┏━━

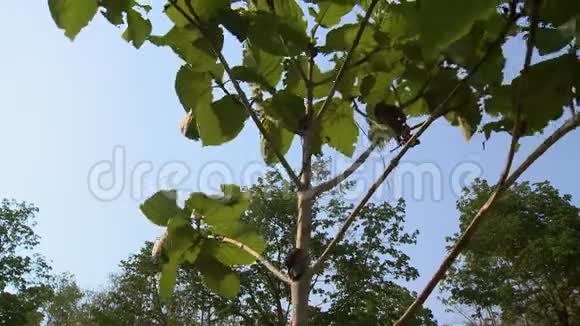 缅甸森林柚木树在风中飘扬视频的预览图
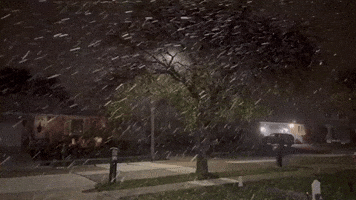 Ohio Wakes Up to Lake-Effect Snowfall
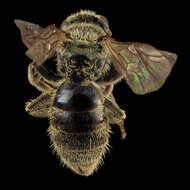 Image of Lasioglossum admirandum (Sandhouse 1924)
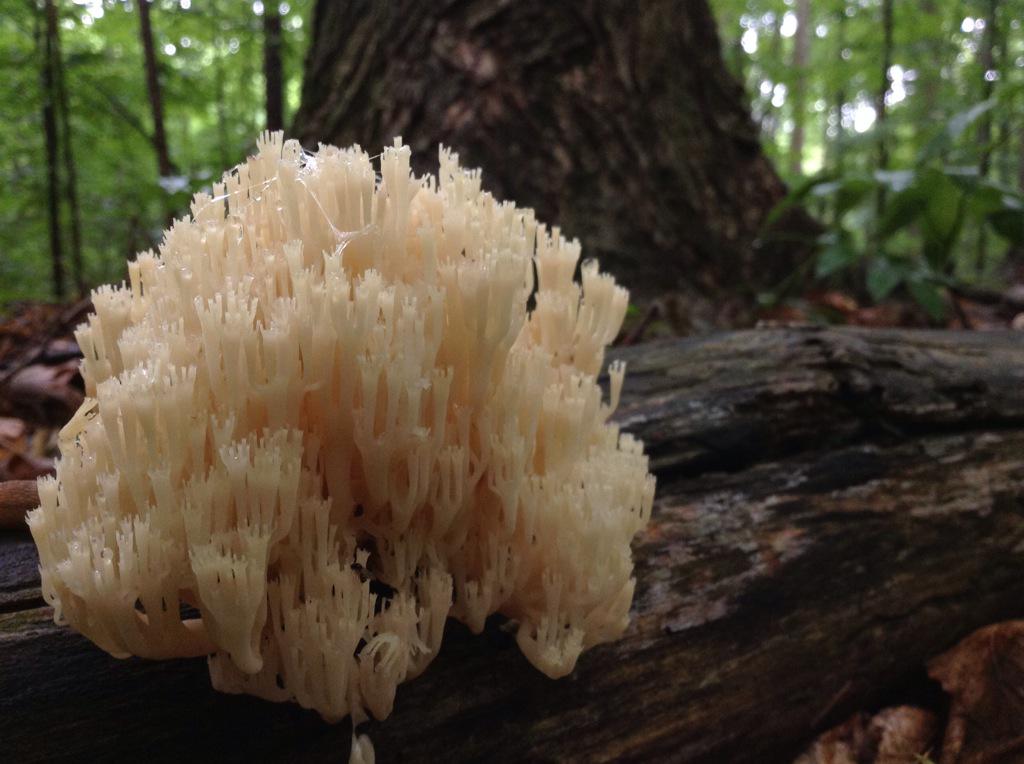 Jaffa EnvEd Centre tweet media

┗━━

» WORK REQUIRED
Nothing but the pictures should be left out when the listing is repeated exactly.

» PROBLEM SOLUTION
 缅甸森林柚木树在风中飘扬视频的预览图
 Ohio Wakes Up to Lake-Effect Snowfall
 Image of Lasioglossum admirandum (Sandhouse 1924)
 Jaffa EnvEd Centre tweet media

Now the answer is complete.